▶ DATA EXTRACT:
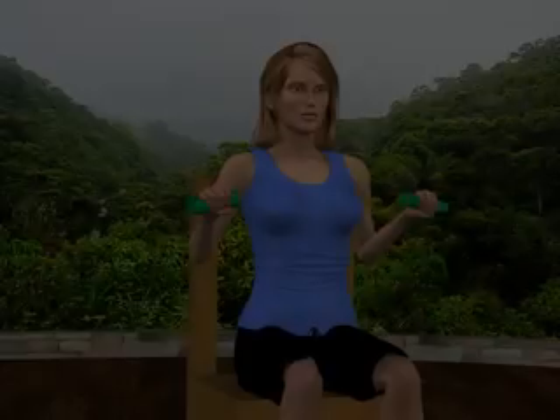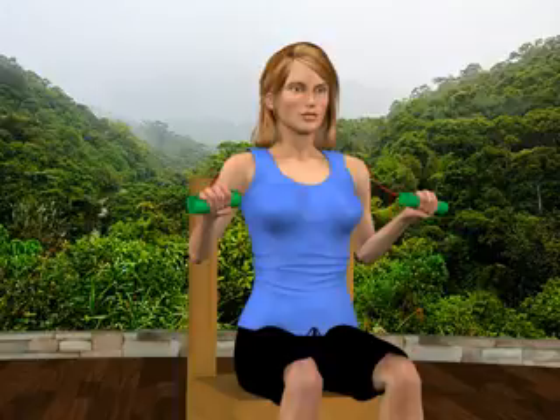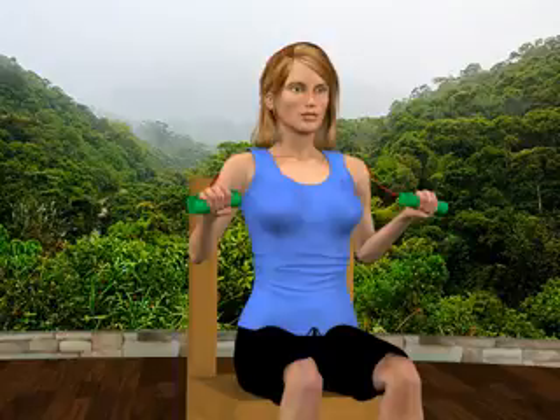Chest press with a therapy band. Sit comfortably in an upright position. Place a therapy band behind your shoulder blades and grasp one handle in each hand. Your hands are at chest level and your elbows are elevated to approximately 90 degrees.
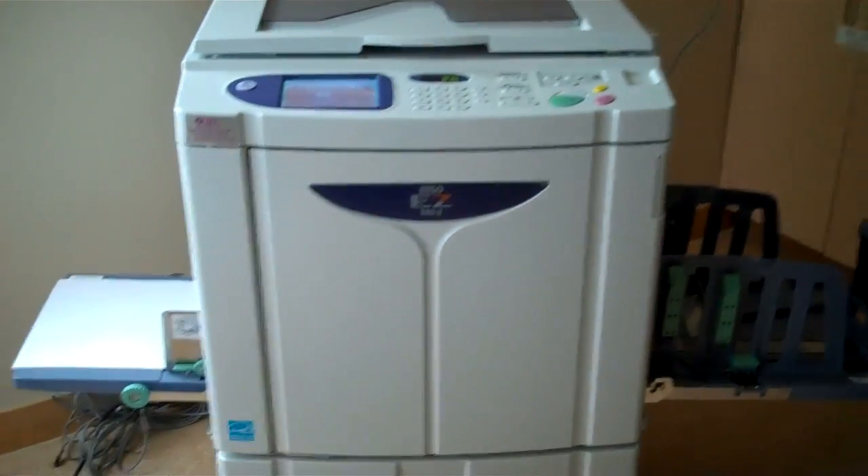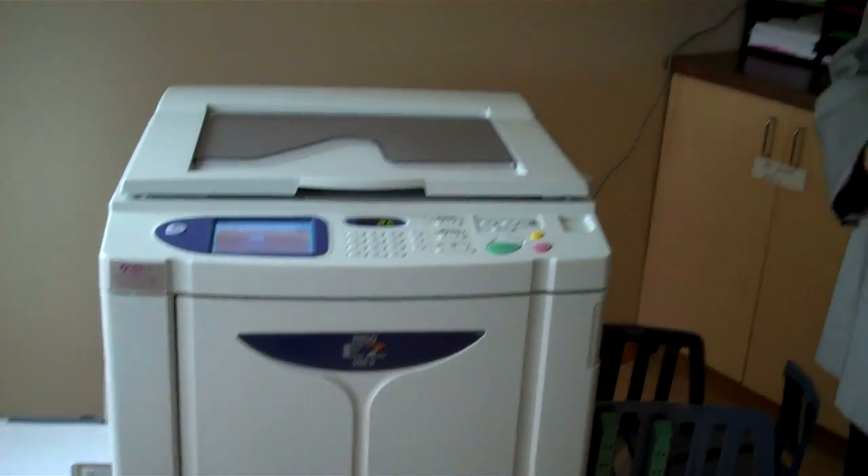They're using this machine for mostly bulletin production and envelope production. They print 1,100 bulletins, and at 1,100 bulletins we can have them finished in about 8 minutes.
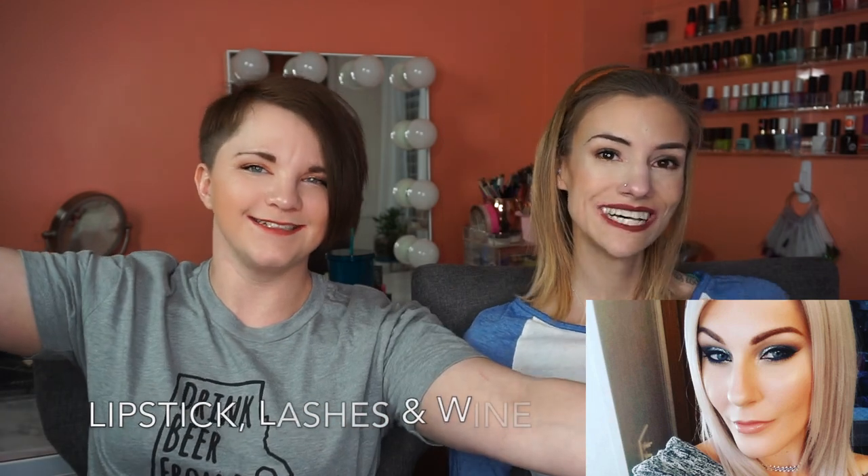Hey guys, what's up? We're excited for this video because we are collaborating with Lipstick Lashes and Lines Wine. That's her name here on YouTube but her name is Shay and she is awesome. She's super nice and she does a lot of Project Pan type videos, empty videos, empty favorites. She just put up a tutorial also which I thought was very good. So she does a lot of the same kind of stuff we do and also some other stuff.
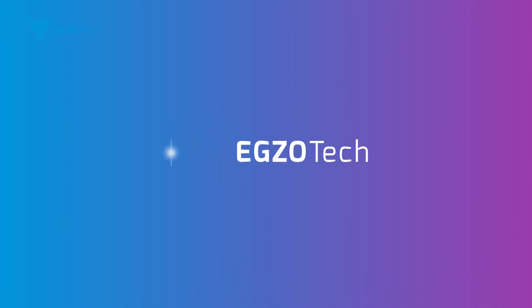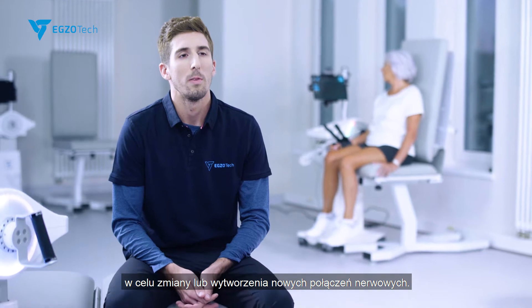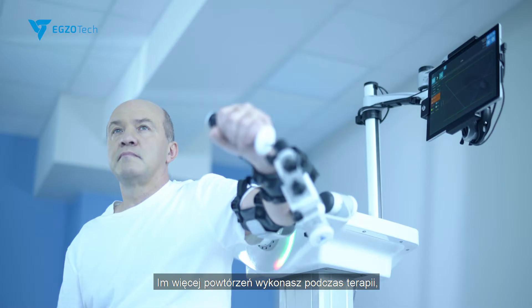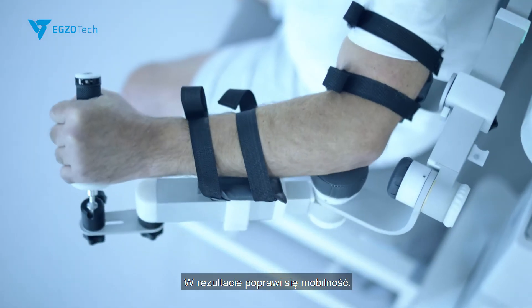Neurons that fire together, wire together. The brain uses its neuroplasticity mechanism to rewire itself and form new neural connections. The more repetitions you perform during physiotherapy, the more your brain rewires itself. As a result, mobility improves.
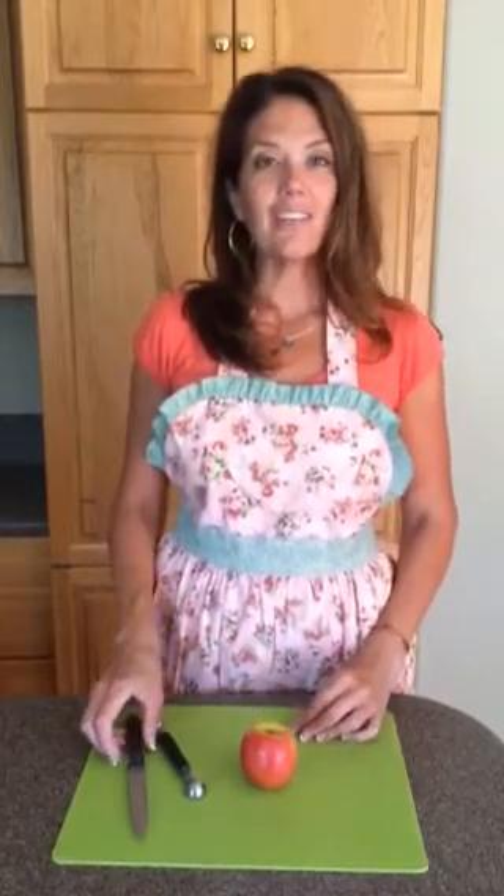Hi everybody, I'm Ruthie from whatscookingwithrutie.com. Thank you for coming to join me today. I wanted to show you a quick and easy way to core an apple.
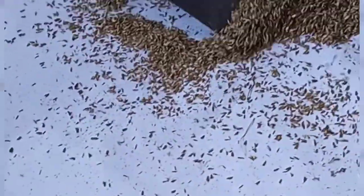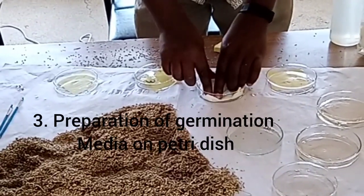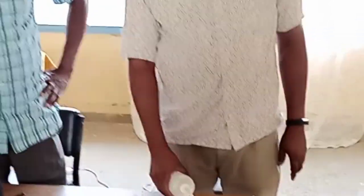After the extraction, you prepare your petri dish by using a soft cloth. Then you add some water, plenty of it.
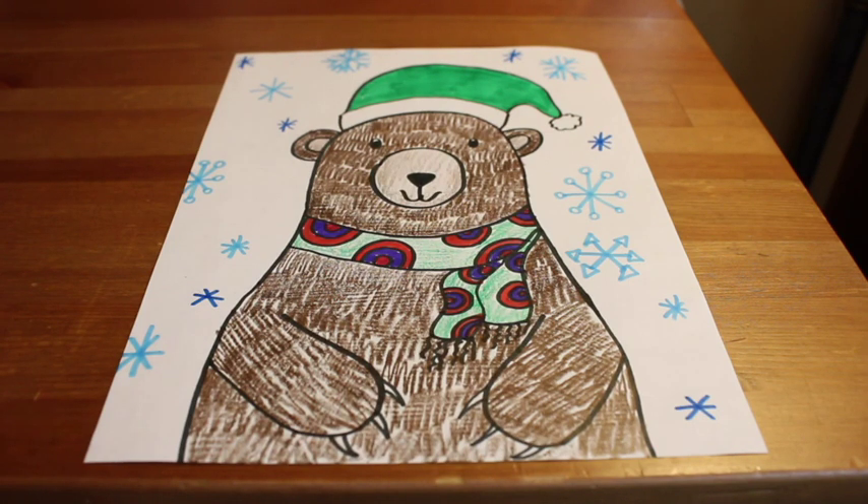There we have it — look at my warm and cozy winter bear! I hope that you have fun with this project, boys and girls. I can't wait to see those cozy, fuzzy winter bears. Bye bye!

▶ DIRECTIONS FOR THIS TASK: When you repeat the material above, keep every word exact and leave out the pictures.

▶ FINAL ANSWER:
Chest press with a therapy band. Sit comfortably in an upright position. Place a therapy band behind your shoulder blades and grasp one handle in each hand. Your hands are at chest level and your elbows are elevated to approximately 90 degrees.
They're using this machine for mostly bulletin production and envelope production. They print 1,100 bulletins, and at 1,100 bulletins we can have them finished in about 8 minutes.
Hey guys, what's up? We're excited for this video because we are collaborating with Lipstick Lashes and Lines Wine. That's her name here on YouTube but her name is Shay and she is awesome. She's super nice and she does a lot of Project Pan type videos, empty videos, empty favorites. She just put up a tutorial also which I thought was very good. So she does a lot of the same kind of stuff we do and also some other stuff.
Neurons that fire together, wire together. The brain uses its neuroplasticity mechanism to rewire itself and form new neural connections. The more repetitions you perform during physiotherapy, the more your brain rewires itself. As a result, mobility improves.
Hi everybody, I'm Ruthie from whatscookingwithrutie.com. Thank you for coming to join me today. I wanted to show you a quick and easy way to core an apple.
After the extraction, you prepare your petri dish by using a soft cloth. Then you add some water, plenty of it.
There we have it — look at my warm and cozy winter bear! I hope that you have fun with this project, boys and girls. I can't wait to see those cozy, fuzzy winter bears. Bye bye!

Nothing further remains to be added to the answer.